Contracts tracking Wall Street’s benchmark S&P 500 were flat while those tracking the tech-heavy Nasdaq 100 slipped 0.1 per cent ahead of the New York open.
The muted moves in equity markets came as traders await the latest US consumer price index report from the Bureau of Labor Statistics.
Data on Wednesday is expected to show headline inflation slowing from 6 per cent in the year to February to 5.1 per cent in March, according to a Bloomberg survey of economists. That would be its lowest level since May 2021.
However, core inflation, preferred by the Fed since it strips out volatile food and energy prices, is projected to have edged up 0.1 percentage point to 5.6 per cent.
Unlike the bond market, “which has worried about economic growth for a while”, the equity market seems to be “only worried about aggressive Fed hiking, which is already off the table”, said Mike Zigmont, head of trading and research at Harvest Volatility Management. “The Fed has one [quarter percentage point] hike left, if that.”

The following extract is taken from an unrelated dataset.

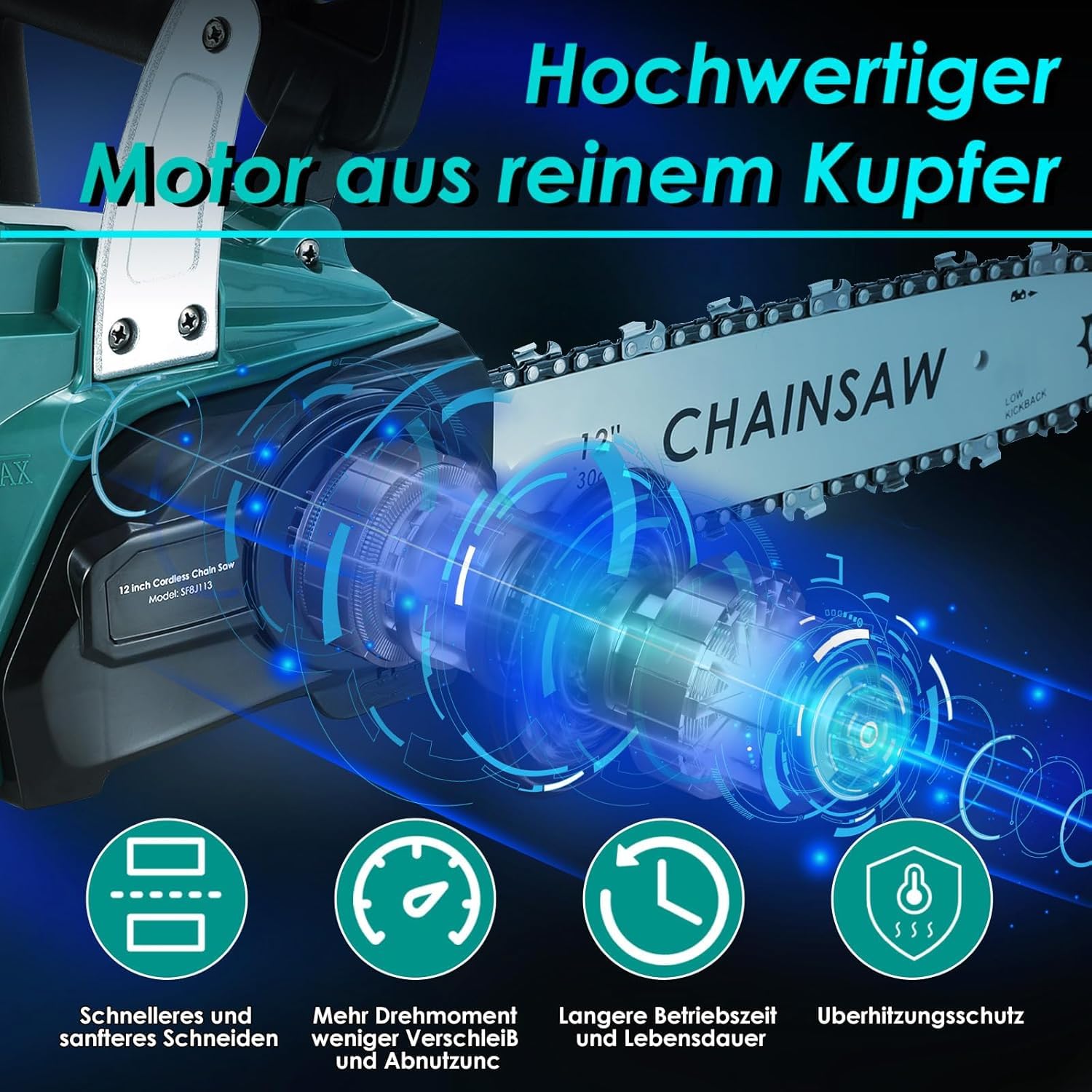 12 Pollici Motosega a Batteria con Li-Ion 20V Batteria,4000 mAh Motosega Elettrica Lunghezza di Taglio 30,5 cm,Sega Elettrica con Catene/Barre Guida/Caricabatterie,Motore Brushless,per Tagliare Legna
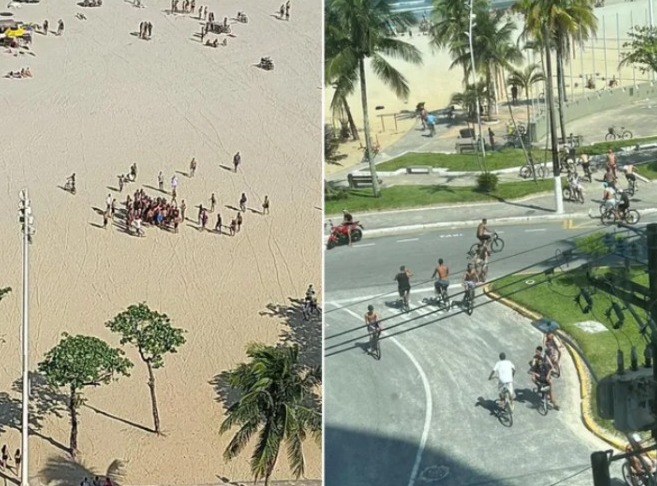 Criminosos fazem arrastão em praia e deixam moradores assustados em São Vicente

Swaps markets are pricing in a roughly 75 per cent chance of a 0.25 point rate rise in May, with no increase expected in June and an almost even chance of a rate cut in July.
Minutes from the Federal Open Market Committee’s March meeting, released on Wednesday afternoon, are meanwhile likely to shed some light on policymakers’ rationale when they delivered a quarter-point rate rise in the midst of a brewing banking crisis.
US government debt rallied slightly early on Wednesday, with yields on two-year Treasuries down 0.02 percentage points to 4.03 per cent and 10-year yields falling marginally to 3.43 per cent. A measure of the dollar’s strength against a basket of six major currencies declined 0.1 per cent.
Asian equities were mixed, with Hong Kong’s Hang Seng index down 1 per cent and China’s CSI 300 flat. Japan’s Topix and South Korea’s Kospi added 0.8 per cent and 0.1 per cent, respectively.